• **TASK BRIEF**
Print only the lines from the one with "Bedroom with wood" through the end of the data, exactly, and please omit pictures.

• **GIVEN INFORMATION**
+++
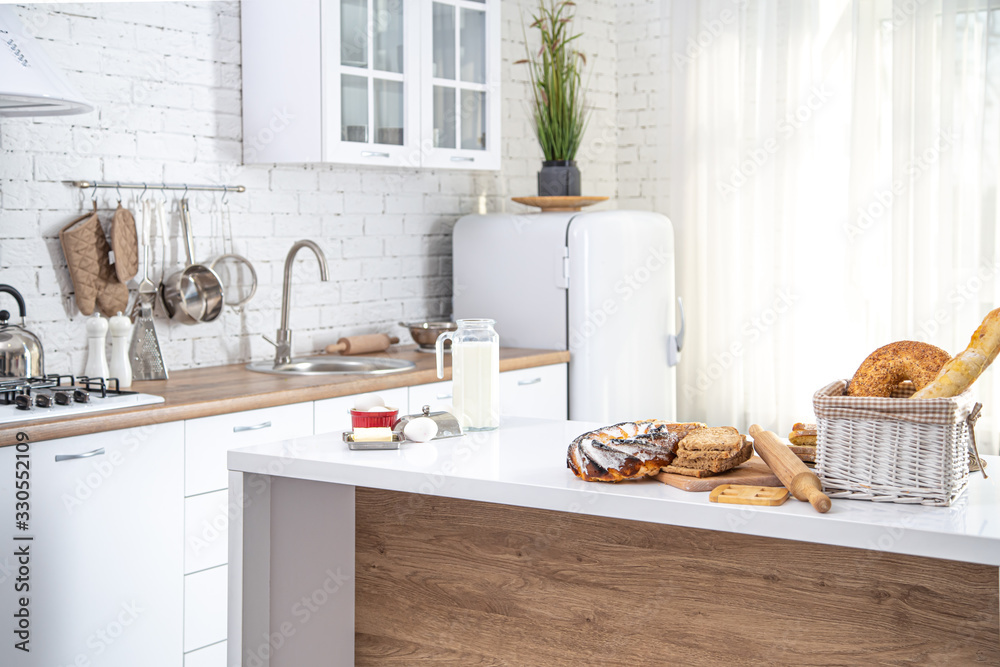 Home kitchen interior with fresh pastries on the table.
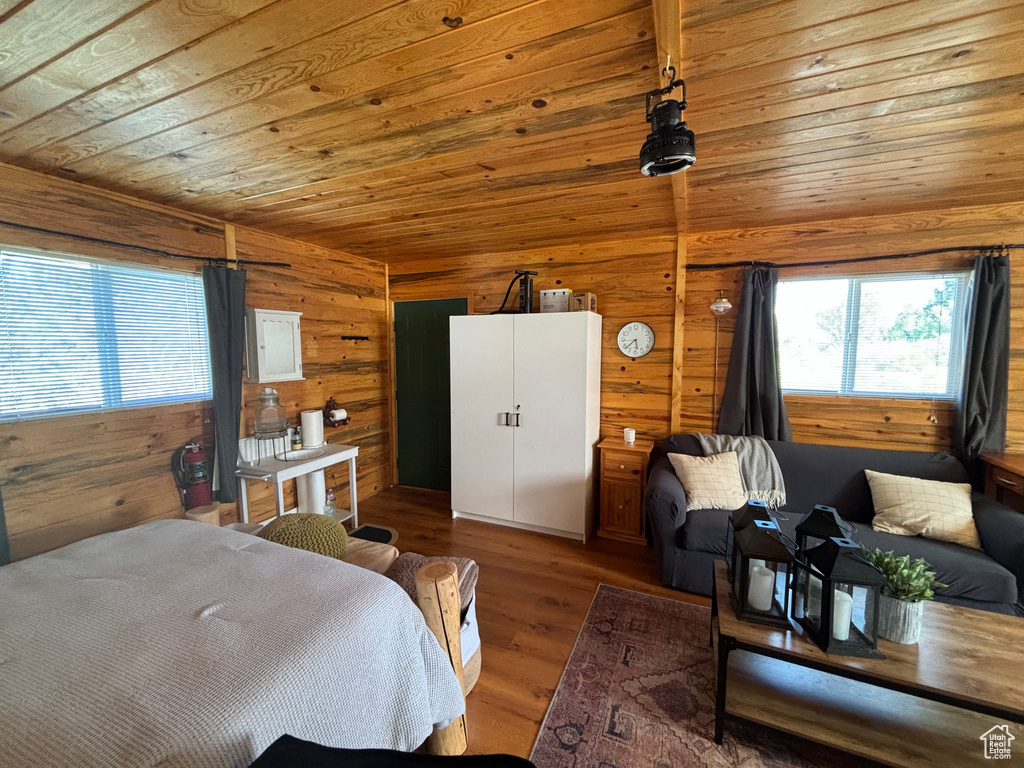 Bedroom with wood walls, wood ceiling, and wood-type flooring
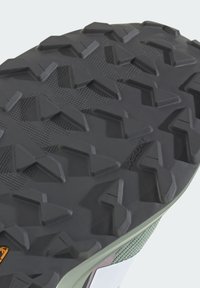 Semelle en caoutchouc noir avec un motif de crantage profond et angulaire et une texture antidérapante. Présente un dessus en maille verte avec des accents contrastants.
+++
• **REPLY**
 Bedroom with wood walls, wood ceiling, and wood-type flooring
 Semelle en caoutchouc noir avec un motif de crantage profond et angulaire et une texture antidérapante. Présente un dessus en maille verte avec des accents contrastants.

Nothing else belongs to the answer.